Uncovering the Ultimate Math Playground within the Construction Industry
October 26, 2017
By Felicia Cullars, Georgia Department of Education STEM/STEAM Program Specialist
When you think about a career that involves math, most of us tend to think of an engineering field. We never think to equate mathematics to a possible career in the construction industry. As a mathematics teacher, I would stay up many nights thinking how I can make the abstract concepts presented in my class come to life for my students.
It wasn’t until this summer; while completing an externship with R.W. Allen Construction did I discover the ultimate math playground. I had the opportunity to visit job sites and listen to the construction site superintendents and projects managers on site discussing MATH.
I could not believe what I was hearing. You mean to tell me that if you like math and enjoy communicating with others you could possibly have a career in the construction industry? I started to think back to my first years teaching and how valuable my externship experience would have been during that time. As I walked and listened to various conversations, I saw and heard the principles of geometry and trigonometry brought to life.
I used to teach the Pythagorean Theorem to students and could never answer the question, “When would we ever use this?” I never knew the answer to this question was hiding on many construction sites. Construction workers may have to know the length of a triangle’s hypotenuse in some cases where measuring maybe difficult. This calculation would need to be done “on the fly” without paper and pencil.
To better explain the need and application of math theory and calculations, exposure to the various math-based careers in HUGE. Our students need to be exposed to the many career opportunities available within the construction industry.
I never would have thought as a female I would consider a career in construction. It wasn’t until my summer externship I was able to see myself doing something that I’ve always been so passionate about suddenly present itself on a construction site. We have to refocus our attention and think about ways we can get students to see how math can be used as a tool for a potential career within the construction industry.

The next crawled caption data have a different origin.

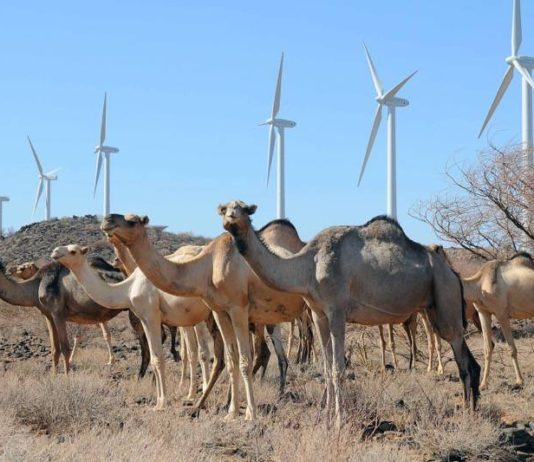 Camels herding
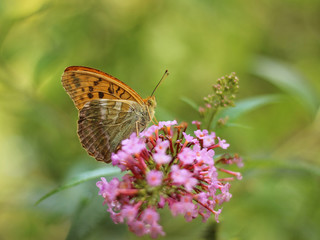 butterfly feeding on Buddleia flower (also known as Butterfly bush, orange eye and summer lilac)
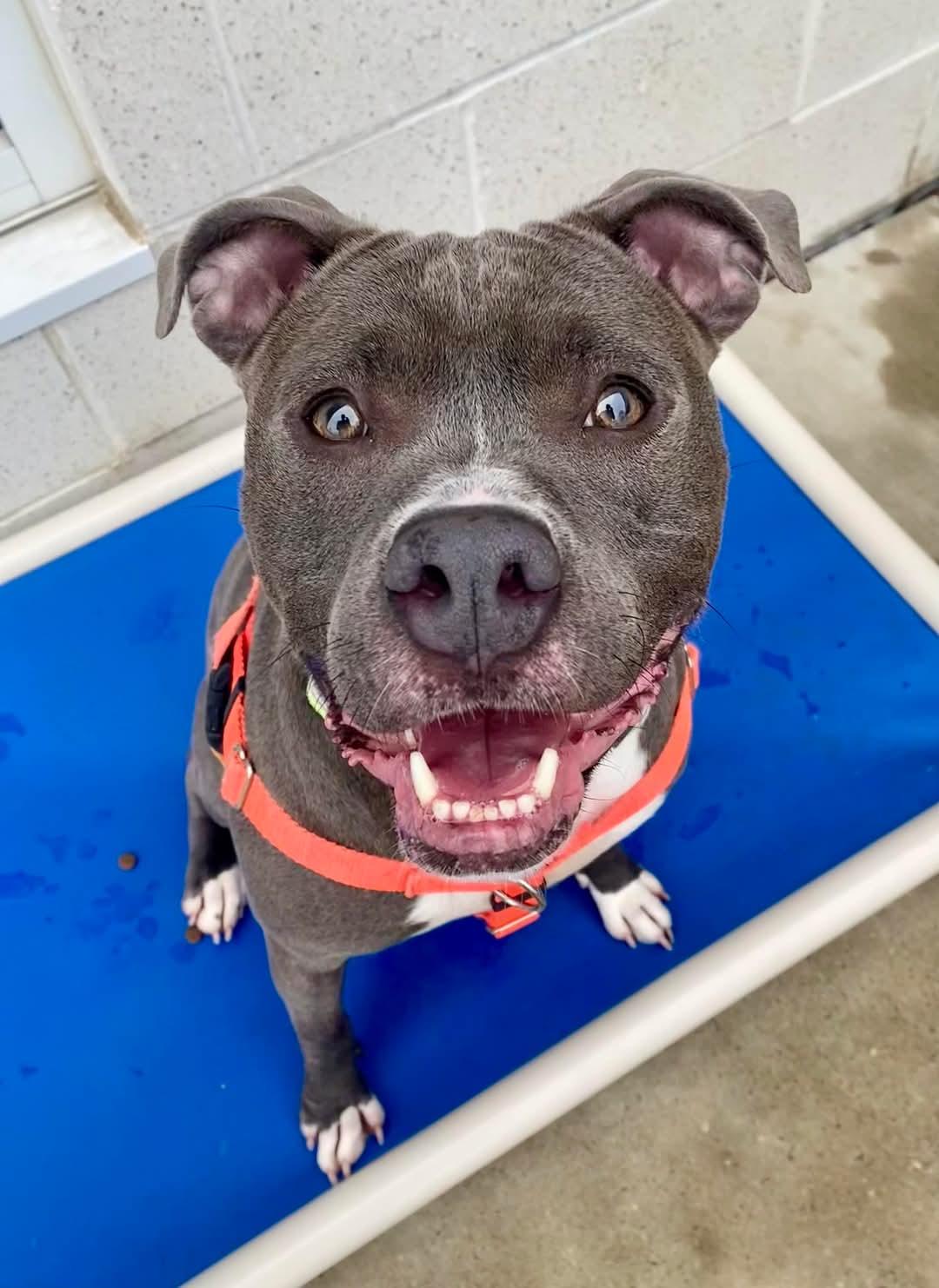 Enlarge Blu, a Adoptable mixed breed in Stratford, CT image 1/6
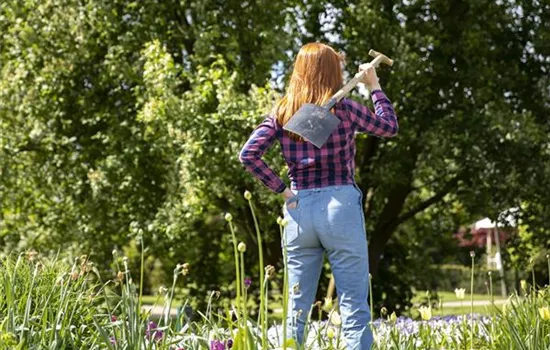 Gartenarbeit leicht gemacht – mit den richtigen Geräten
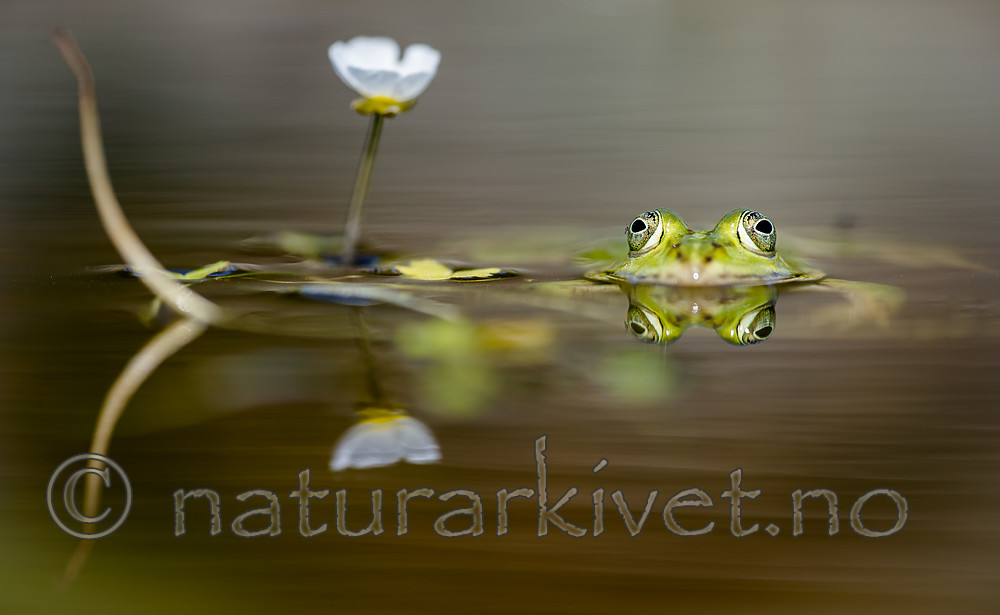 BB_20160604_1619 / Pelophylax esculentus / Hybridfrosk <br /> Ranunculus peltatus / Storvassoleie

It is time for the hidden math playground that lies within the construction industry to be uncovered. It is time for our school counselors, educators, and community partners realize the many benefits the construction industry provides to the future workforce. It is time many adults and children change their thoughts and perceptions about the construction industry. It is time we help our current students aspire to be technically trained through mathematics and construction skills and accept all careers as valuable skill set. It is time we uncover the hidden math playground that lies within the construction industry.